2017-08-11 Thread Xiao Li (JIRA)

 [ 
https://issues.apache.org/jira/browse/SPARK-19122?page=com.atlassian.jira.plugin.system.issuetabpanels:all-tabpanel
 ]

Xiao Li resolved SPARK-19122.
-
   Resolution: Fixed
 Assignee: Tejas Patil
Fix Version/s: 2.3.0

> Unnecessary shuffle+sort added if join predicates ordering differ from 
> bucketing and sorting order
> --
>
> Key: SPARK-19122
> URL: https://issues.apache.org/jira/browse/SPARK-19122
> Project: Spark
>  Issue Type: Bug
>  Components: SQL
>Affects Versions: 2.0.2, 2.1.0
>Reporter: Tejas Patil
>Assignee: Tejas Patil
> Fix For: 2.3.0
>
>
> `table1` and `table2` are sorted and bucketed on columns `j` and `k` (in 
> respective order)
> This is how they are generated:
> {code}
> val df = (0 until 16).map(i => (i % 8, i * 2, i.toString)).toDF("i", "j", 
> "k").coalesce(1)
> df.write.format("org.apache.spark.sql.hive.orc.OrcFileFormat").bucketBy(8, 
> "j", "k").sortBy("j", "k").saveAsTable("table1")
> df.write.format("org.apache.spark.sql.hive.orc.OrcFileFormat").bucketBy(8, 
> "j", "k").sortBy("j", "k").saveAsTable("table2")
> {code}
> Now, if join predicates are specified in query in *same* order as bucketing 
> and sort order, there is no shuffle and sort.
> {code}
> scala> hc.sql("SET spark.sql.autoBroadcastJoinThreshold=1")
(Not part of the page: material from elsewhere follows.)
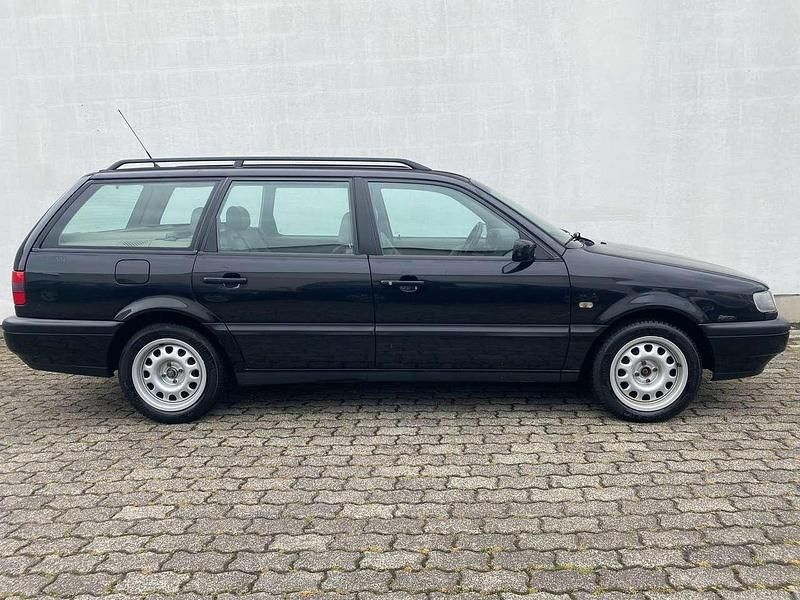 Gebraucht VW Passat 116 PS (85 kW) 1995 Schwarz Kombi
> scala> hc.sql("SELECT * FROM table1 a JOIN table2 b ON a.j=b.j AND 
> a.k=b.k").explain(true)
> == Physical Plan ==
> *SortMergeJoin [j#61, k#62], [j#100, k#101], Inner
> :- *Project [i#60, j#61, k#62]
> :  +- *Filter (isnotnull(k#62) && isnotnull(j#61))
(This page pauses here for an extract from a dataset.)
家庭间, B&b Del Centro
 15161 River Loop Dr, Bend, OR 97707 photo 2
> : +- *FileScan orc default.table1[i#60,j#61,k#62] Batched: false, Format: 
> ORC, Location: InMemoryFileIndex[file:/table1], PartitionFilters: [], 
> PushedFilters: [IsNotNull(k), IsNotNull(j)], ReadSchema: 
> struct
> +- *Project [i#99, j#100, k#101]
>+- *Filter (isnotnull(j#100) && isnotnull(k#101))
>   +- *FileScan orc default.table2[i#99,j#100,k#101] Batched: false, 
> Format: ORC, Location: InMemoryFileIndex[file:/table2], PartitionFilters: [], 
> PushedFilters: [IsNotNull(j), IsNotNull(k)], ReadSchema: 
> struct
> {code}
> The same query with join predicates in *different* order from bucketing and 
> sort order leads to extra shuffle and sort being introduced
> {code}
> scala> hc.sql("SET spark.sql.autoBroadcastJoinThreshold=1")
> scala> hc.sql("SELECT * FROM table1 a JOIN table2 b ON a.k=b.k AND a.j=b.j 
> ").explain(true)
> == Physical Plan ==
> *SortMergeJoin [k#62, j#61], [k#101, j#100], Inner
> :- *Sort [k#62 ASC NULLS FIRST, j#61 ASC NULLS FIRST], false, 0
> :  +- Exchange hashpartitioning(k#62, j#61, 200)
> : +- *Project [i#60, j#61, k#62]
> :+- *Filter (isnotnull(k#62) && isnotnull(j#61))
> :   +- *FileScan orc default.table1[i#60,j#61,k#62] Batched: false, 
> Format: ORC, Location: InMemoryFileIndex[file:/table1], PartitionFilters: [], 
> PushedFilters: [IsNotNull(k), IsNotNull(j)], ReadSchema: 
> struct
> +- *Sort [k#101 ASC NULLS FIRST, j#100 ASC NULLS FIRST], false, 0
>+- Exchange hashpartitioning(k#101, j#100, 200)
>   +- *Project [i#99, j#100, k#101]
>  +- *Filter (isnotnull(j#100) && isnotnull(k#101))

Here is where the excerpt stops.